Stockton has lost just five times this season. That includes two in regulation, two in overtime, and this one in a shootout. Tucson also handed the Heat one of the overtime defeats — that coming in a 1-0 Roadrunners’ victory on opening night.

While the Heat came in winners of three straight and four of five outings, Tucson has now picked up two victory points in five of their last six games. The Roadrunners are in fourth in the Pacific Division standings, mere percentage points behind the Henderson Silver Knights for third.

Prosvetov stopped 47 of 51 shots on goal against to earn first star honors. He admitted it’s not often four goals get past a goalie and he’s still the game’s top star. But on Friday, it was clearly deserved.

“I actually came off the ice and they grabbed me to go back,” he said. “I’m like, maybe third star, you know? Yeah, it was a lot of shots.
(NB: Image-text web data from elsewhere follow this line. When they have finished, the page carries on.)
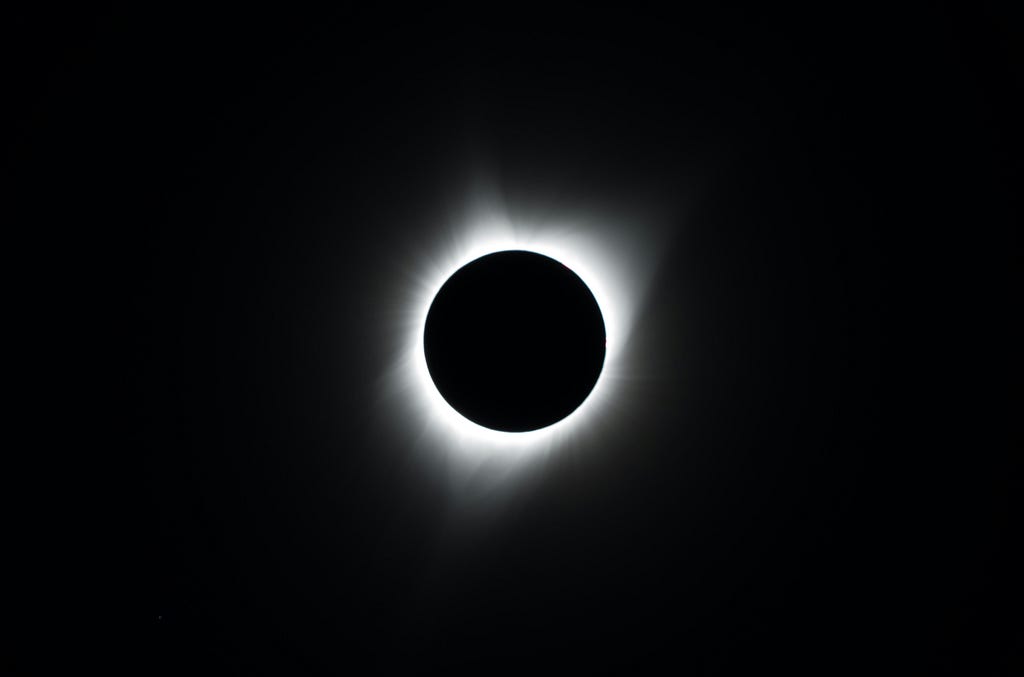 Eclipsed sun with a white corona visible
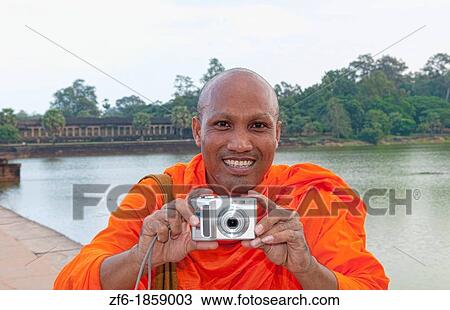 Young boy monk playing with camera and smile having fun at river at famous Angkor Wat in Siem Reap Cambodia in Asia View Large Photo Image Stock Image - Young boy monk playing with camera and smile having fun at river at famous Angkor Wat in Siem Reap Cambodia in Asia. Fotosearch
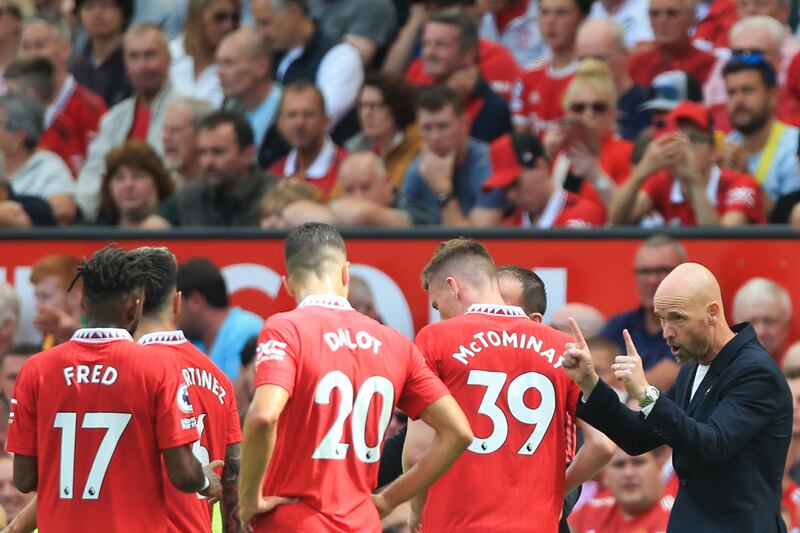 Manchester United's Dutch manager Erik ten Hag speaks to his players during the defeat. Photograph: Lindsey Parnaby/AFP via Getty Images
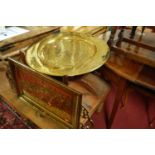 An Eastern engraved circular brass topped occasional table, together with a further Eastern engraved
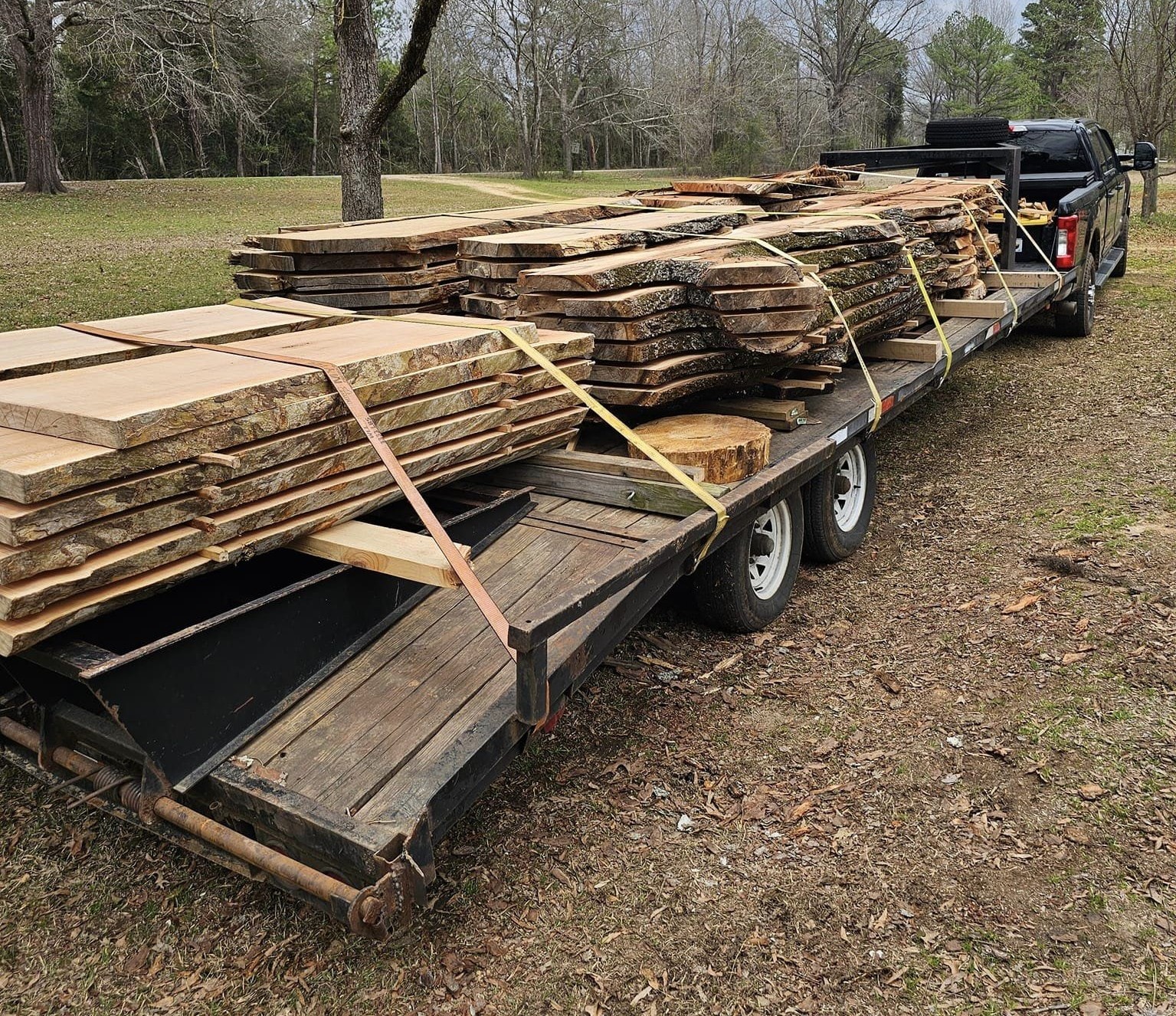 Wood slabs strapped down during the drying process, as the green lumber is slowly heated and its moisture removed.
But they gave me the first (star)? I was kind of surprised.”

With roughly 30 seconds to play in the second period, not long after Tucson tied the game at four apiece in an otherwise seesaw battle, Prosvetov made arguably the save of his young season. With players from both teams tying up the puck deep in the Roadrunners’ zone, it found its way free and eventually ended up on the stick of Stockton’s Martin Popisil. Prosvetov might have committed himself slightly too soon, hitting the ice before sprawling across the crease. Popisil waited, then with Prosvetov practically on his stomach, took his shot.
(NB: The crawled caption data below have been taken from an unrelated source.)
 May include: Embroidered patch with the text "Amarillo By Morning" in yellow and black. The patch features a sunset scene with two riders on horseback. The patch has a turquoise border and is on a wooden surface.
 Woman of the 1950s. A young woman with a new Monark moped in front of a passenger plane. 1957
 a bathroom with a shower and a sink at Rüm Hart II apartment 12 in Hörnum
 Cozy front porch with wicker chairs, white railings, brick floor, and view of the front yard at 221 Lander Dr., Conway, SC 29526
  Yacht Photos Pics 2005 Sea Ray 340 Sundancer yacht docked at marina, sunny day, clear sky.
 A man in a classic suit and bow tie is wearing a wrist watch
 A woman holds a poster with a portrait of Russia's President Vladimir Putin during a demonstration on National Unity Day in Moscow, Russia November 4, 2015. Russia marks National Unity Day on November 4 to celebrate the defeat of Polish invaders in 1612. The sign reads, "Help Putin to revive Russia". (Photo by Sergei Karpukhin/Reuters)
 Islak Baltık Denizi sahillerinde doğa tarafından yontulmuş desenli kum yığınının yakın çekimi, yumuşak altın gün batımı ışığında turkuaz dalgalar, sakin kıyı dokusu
But instead of the score being 5-4 Stockton, the puck was in Prosvetov’s glove snatched out of mid-air.

“Key saves in key moments,” Varady said of his netminder. “I thought he made really big saves when we needed him the most.”

Prosvetov would go on to stop multiple breakaway attempts in a scoreless third period en route to 15 saves in the final frame. Prosvetov stopped two in overtime before allowing just one goal on four Heat skaters in the post-OT shootout.
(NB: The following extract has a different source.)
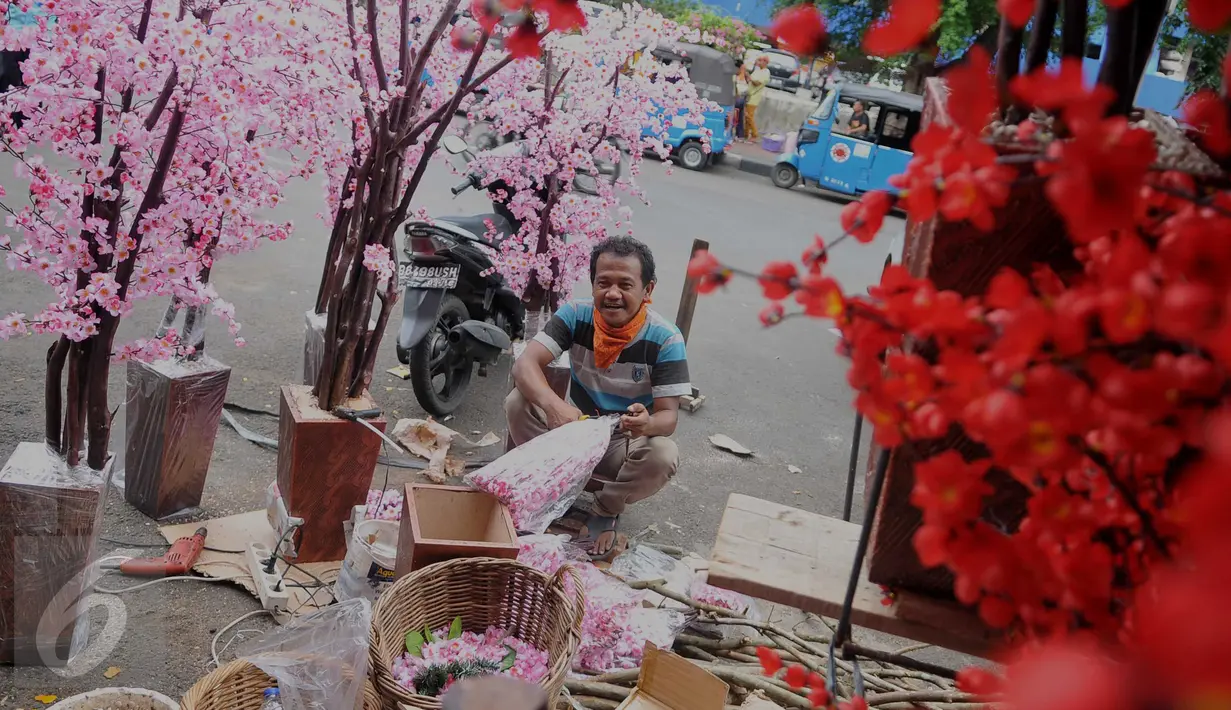 Pengrajin Pohon Hias Imlek menyelesaikan pekerjaannya di kawasan Glodok, Jakarta, Kamis (21/1/2016). Pembeli dapat memesan sesuai keinginan dengan kisaran harga 50.000 - 3.500.000 rupiah. (Liputan6.com/Gempur M Surya)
“I went down pretty early on that shot, but he was pretty close. I was trying to seal the ice the best that I can,” Prosvetov said, adding that the atmosphere, especially in the arena’s south end where he was in net for the first and third period’s was especially rowdy Friday. “He made a good move. I have to give him credit. But you know, I have to get my luck, too, sometimes.”

Blake Speers, who had been without a point through Tucson’s first 16 games, scored his first of the season 3:16 into the first period. Tucson would hold the lead for roughly nine minutes before Stockton’s Jakob Pelletier, the AHL’s second-leading overall point producer this season, scored his first of two on the night. Less than two minutes later, Stockton had the lead on a goal by Matthew Phillips.

In the second, after Tucson’s Matias Maccelli scored his team high seventh goal of the season four minutes in, Stockton did the double-dip again. Pelletier connected 1:18 after Maccelli’s goal before Phillips notched his second 2:02 later, giving the Heat that 4-2 lead.

But Tucson wasn’t done.

Travis Barron and Victor Sodorstrom joined Speers in scoring their first goals of the season Friday. Barron’s goal came 11:05 into the middle frame, with Soderstrom tying the game at four with less than three to play in that second period.

“Something that we’ve shown, especially over the course of the last 10 games or so, is that we’ve got a serious amount of character in that locker room,” Speers said of Tucson’s resiliency. “For them to get it to 4-2, and for us to not let it slip away and get out of hand and then climb back. … It kind of shows what we have building in that locker room right now.”

Saturday’s rematch will be broadcast on KWBA-TV, which is channels 8 or 58 depending on the carrier. Radio play-by-play voice Adrian Denny will be on the call, which is slated as a simulcast on 1450-AM.